Da Maldini a Ronaldo, da Baggio a Del Piero: quando i campioni sono soltanto dei padri
Oggi è la Festa del Papà, giorno intitolato a San Giuseppe. Il papà per eccellenza, genitore di un figlio biologicamente non suo e per questo simbolo di una paternità scevra da pregiudizi e modelli stereotipati. La figura del padre possiede una valenza nevralgica all’interno del gruppo famigliare, al pari di quella della mamma, oltre ogni tipo di convenzione. Lo insegnano persino alcuni animali come il leone maschio, per esempio, il quale si fa carico del cuccioli appena nati lasciando che sia la femmina andare a caccia per procurare il cibo necessario.
L’esempio del Re della foresta che scende dal trono per occuparsi dei suoi cuccioli è bello ed esemplare tanto che, se lo si desidera, è possibile ampliarla anche ai campioni del nostro calcio.

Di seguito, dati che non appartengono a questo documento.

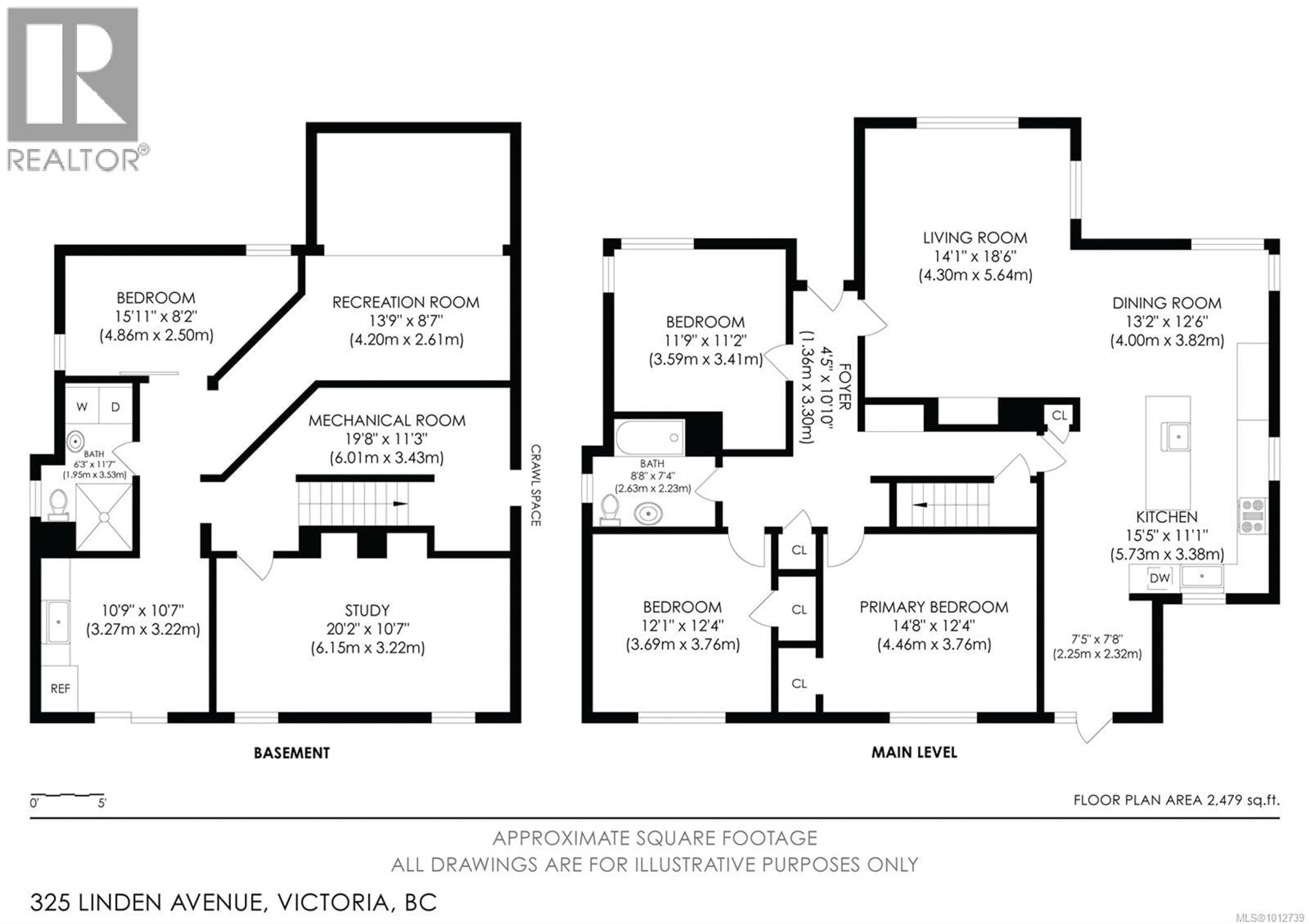 Floor plan for 325 LINDEN AVENUE, Victoria British Columbia V8V4E8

Coloro i quali, per l’immaginario collettivo, vengono vissuti un poco come degli esseri a parte scollegati dalla normale realtà quotidiana e destinati a vivere la famiglia come un semplice corollario. Naturalmente non è così e se è valido il teorema secondo il quale dietro un grande uomo c’è sempre una grande donna è possibile affermare che alle spalle di un figlio a modo esiste un buon papà.

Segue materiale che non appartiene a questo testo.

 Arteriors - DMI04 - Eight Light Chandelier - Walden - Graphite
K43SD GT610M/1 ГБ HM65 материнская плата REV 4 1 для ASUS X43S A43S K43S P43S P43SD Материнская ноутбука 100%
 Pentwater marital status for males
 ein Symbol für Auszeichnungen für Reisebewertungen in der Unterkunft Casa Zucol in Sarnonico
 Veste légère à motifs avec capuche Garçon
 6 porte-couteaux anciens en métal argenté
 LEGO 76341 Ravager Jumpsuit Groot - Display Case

Tanti mi vengono in mente. Per primo Cesare Maldini. Il genitore silenzioso ma sempre presente, seppure da dietro le quinte, il quale con il sostegno della moglie Marisa ha formato Paolo modellandolo con la pasta della sua stessa filosofia sino a che è diventato la persona eccezionale che tutti conoscono e apprezzano, oltre a ciascun risultato professionale. Poi mi piace dire di Cristiano Ronaldo e del suo sapersi spogliare delle vesti da superman per essere soltanto padre. Il giorno in cui CR7 ha preso il suo primogenito Cristiano Junior, di dieci anni, e l’ha portato con sé a Madeira per gli conoscere l’umile casa del quartiere povero dove lui era nato e cresciuto. Il più bel gol, sicuramente, di Ronaldo.

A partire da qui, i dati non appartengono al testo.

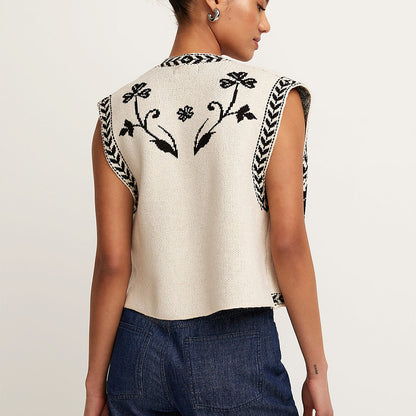 Summer Sleeveless Design Sexy Sexy Knitted Vest Top Women - Wanita Store
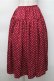 画像1: PINK HOUSE / ドットスカート  ワイン S-25-11-05-048-LO-SK-SZ-ZS (1)
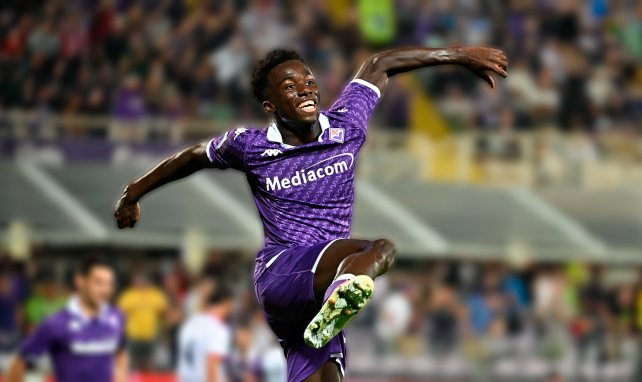 Michael Kayode con la Fiorentina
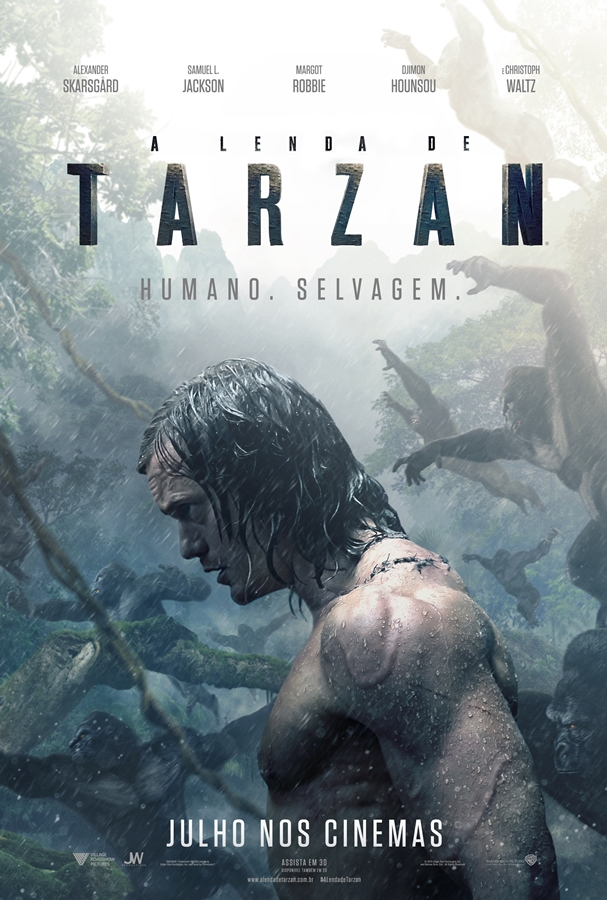 A Lenda de Tarzan Poster Teaser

A seguire c’è Fiorindo Baggio, il babbo dell’ineguagliabile Roberto, morto meno di un anno fa per il quale il foglio non esitò a esternare come fosse stato per lui l’uomo più importante di tutta la sua vita. Il papà che un giorno ebbe una visione e gli disse: “Vai, Roby, corri. Tu sarai per l’Italia ciò che è stato Maradona per l’Argentina”. Non si sbagliava, al netto di un finale fortunatamente diverso con Roby che fa il contadino e vive della e per la sua famiglia. Poi ci sono Gino e Alessandro Del Piero. Padre e figlio. Quel bimbo di otto anni che il babbo, tutte le sere di ritorno dal lavoro, chiudeva con lui nel garage della loro casa e lo invitava a colpire con una pallina da tennis calciata con i piedi l’interruttore della serratura. Lo stesso fanciullo che riemerso dal corpo ormai adulto e alzatosi dalla panchina dive Ancelotti lo aveva relegato, a Bari, segnò il gol della vittoria bianconera e poi scoppiò a piangere tra le braccia di Pessotto. Quel gol era stato ispirato da Gino, il babbo, che era da poco tempo in cielo.
Storie di comune umanità disegnate su personaggi non comuni. Pier Silvio Berlusconi, il primogenito del Cavaliere, che compra uno spazio sul Corsera per ringraziare il genitore di essere stato un grande padre. Quei lampi di disperazione che ancora oggi, dopo undici anni, illuminano gli occhi di Giovannino Galli mentre pensa suo figliolo Niccolò. Francesco Totti ridotto a una statua di cera al funerale di Enzo, il suo padre sceriffo, portato via dal Covid. La scalata dolente sul pendio della sofferenza di Alessandro, il figlio di Paolo Rossi, il quale ha giurato di ricoprire il ruolo di babbo adottivo per le due sorelline Elena e Maria Sofia. Come San Giuseppe, nel nome di Pablito e nel nome del padre.